The specimen failures resulting from flexural loading (3-point bending), specifically when specimen failure transpires at the central roller, were examined. Figure 5, an SEM image, illustrates the flexural failure of a carbon fiber-reinforced composite material fracture surface, revealing a distinct demarcation between the regions of tension and compression. The fractured surface displays two distinct zones: a smooth area indicative of compressive mode of fracture, delineated by a distinct boundary from a rough surface area representative of tensile mode of fracture. Notably, the boundary between these regions runs parallel to and often in proximity to the neutral axis or non-aligned of the composite laminate.

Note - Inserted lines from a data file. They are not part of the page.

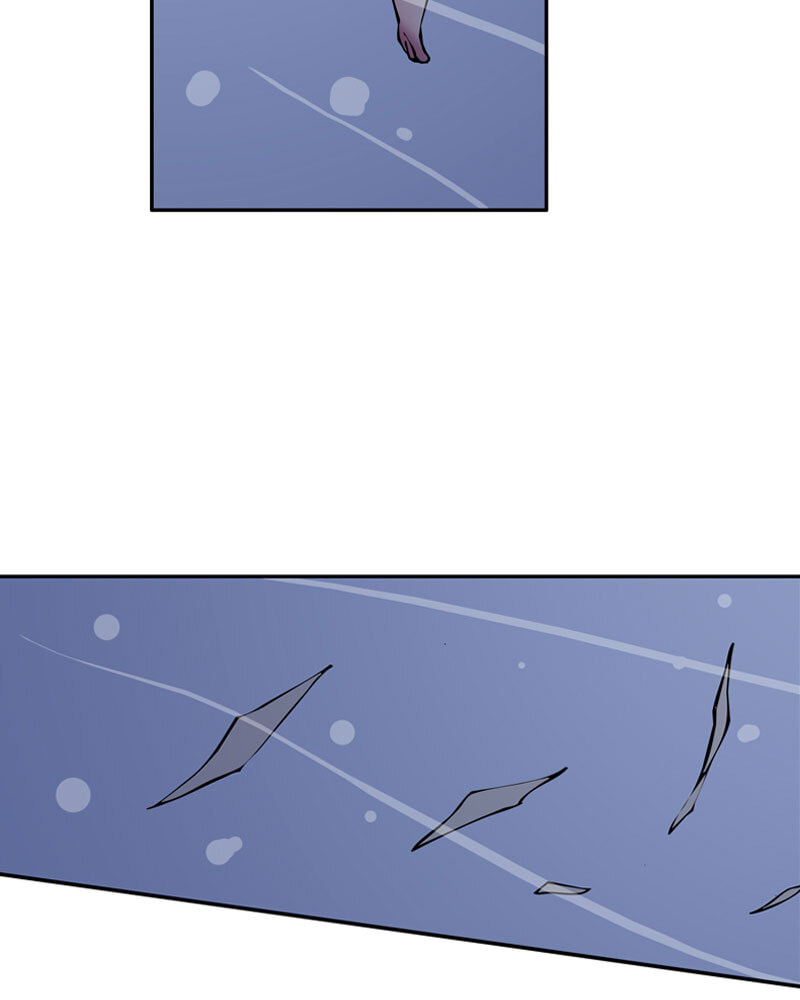My Beloved Emperor Chapter 11 page 43 - 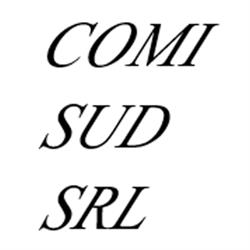 Comi Sud, Gela orari di apertura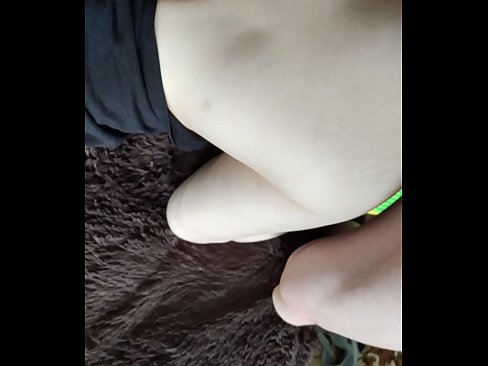 ❤️ Vajza ruse duke rënkuar anale në shtëpi pjesa 2 Kurrëza në sq.gayasianporn.ru ❤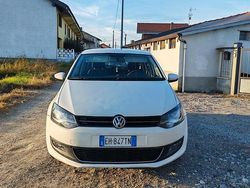 Usata 2011 VW Polo Due volumi | 3690 € (Buon prezzo)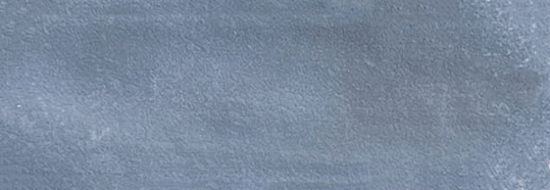 Aruba Night Blue Matt 2x6 | Glens Falls Tile & Supplies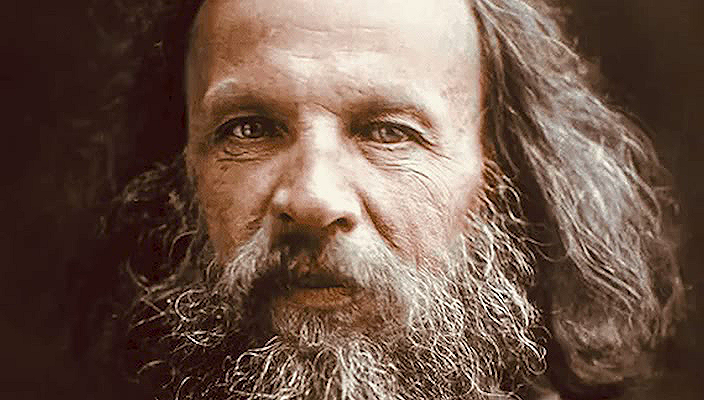 60. Дмитрий Менделеев и передвижники (2025).avi_20251019_193601.656.png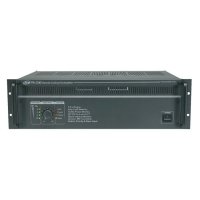 Купить Трансляционный усилитель JDM PA-3120 в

Because carbon fiber-reinforced composites exhibit lower compressive strength relative to tension, coupled with stress concentration from the intermediate roller, flexural failures predominantly occur on the compression surface. Analysis of the fractured surface reveals exposed fiber pull-out, which serves as a crack-bridging mechanism, enhancing fracture energy. Additionally, SEM images indicate strong bonding between the matrix and fibers, contributing to FSs and high inter-laminar shear in these composites. Subsequently, these types of flexural failures typically result from a combination of compression and tension forces.

4.2 Fractography of hybrid composite (carbon and silk satin fabric reinforced)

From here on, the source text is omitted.